Sunday, October 3, 2010

String.Format performance

C# string performance is a tricky problem. I have two functions which generate the same result. Personally I prefer the second one because it is just an elegant representation format. Well, you have to pay for the elegance.

A's performance is much faster than B's.

         public static void A()
        {
            var s = "abc" + "bcd" + "1" + "2" + "3";
        }

        public static void B()
        {
            var s = String.Format("{0}{1}{2}{3}{4}", "abc", "bcd", "1", "2", "3");
        }

the following is the elapsed ticks for function A and B. If I run 100 iterations, A wins 99 times.


A=14 B=344

Let me try something different, maybe my favorite format has some advantages. Most of time, we do not use String.Format to construct a string, we pass in some non-string type.

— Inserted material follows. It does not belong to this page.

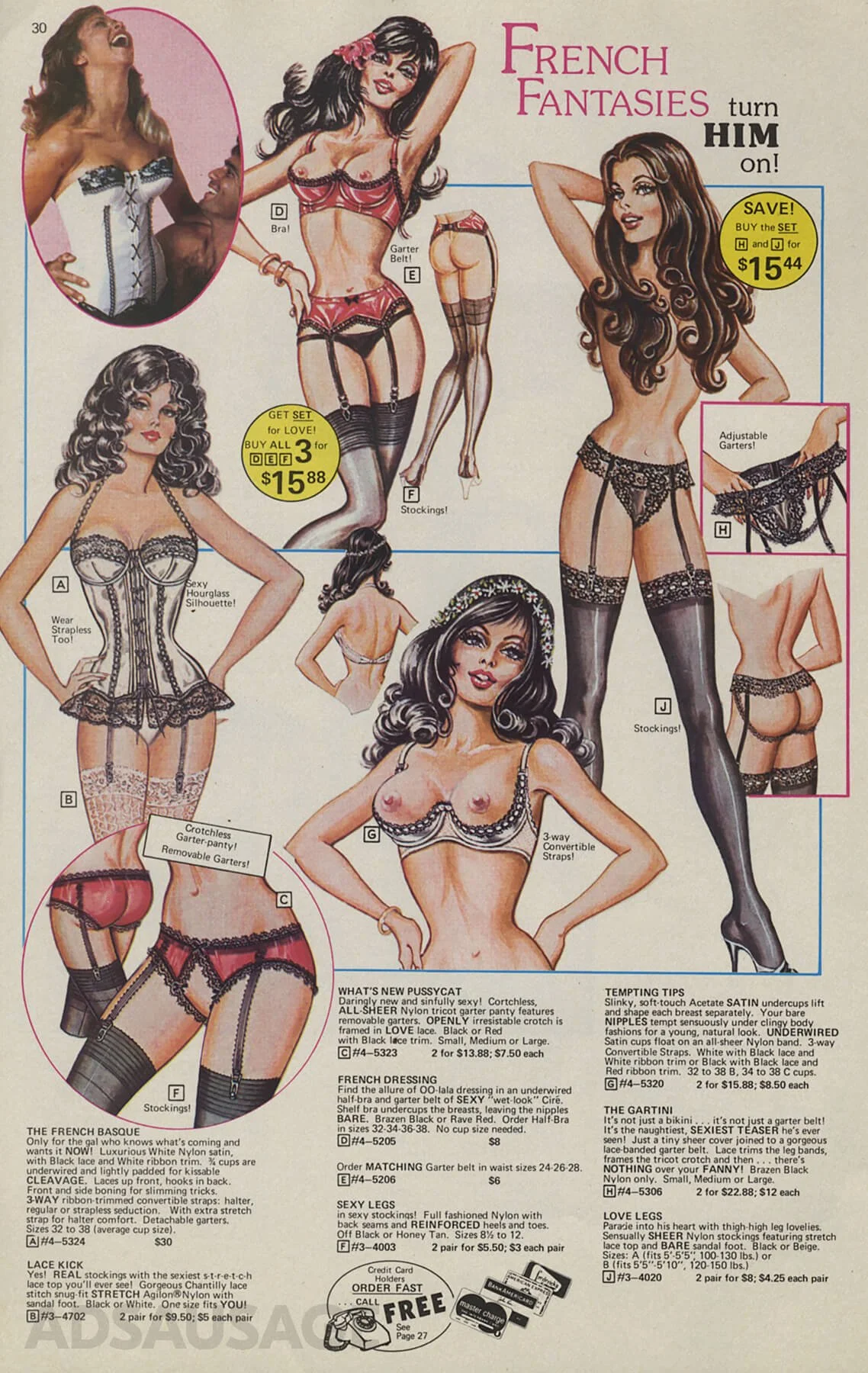 fredericks-hollywood-1976-08.jpg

        public static void A()
        {
            var s = "abc" + "bcd" + 1.ToString() + 2.ToString() + 3.ToString() + 4.ToString() + 5.ToString();
        }

        public static void B()
        {
            var s = String.Format("{0}{1}{2}{3}{4}{5}{6}", "abc", "bcd", 1, 2, 3, 4, 5);
        }

I am so happy that when this time, the String.Format catches up.


A=1609 B=585

I dig into the IL code and find that:

Function A will calls into "77 : Call System.String System.String.Concat(System.String[])".
While B will invoke: "75 : Call System.String System.String.Format(System.String, System.Object[])"

the different is not from these two functions, the difference is because A has to call ToString() several times and convert the result into a string array. A only need to pass the object reference to the Format.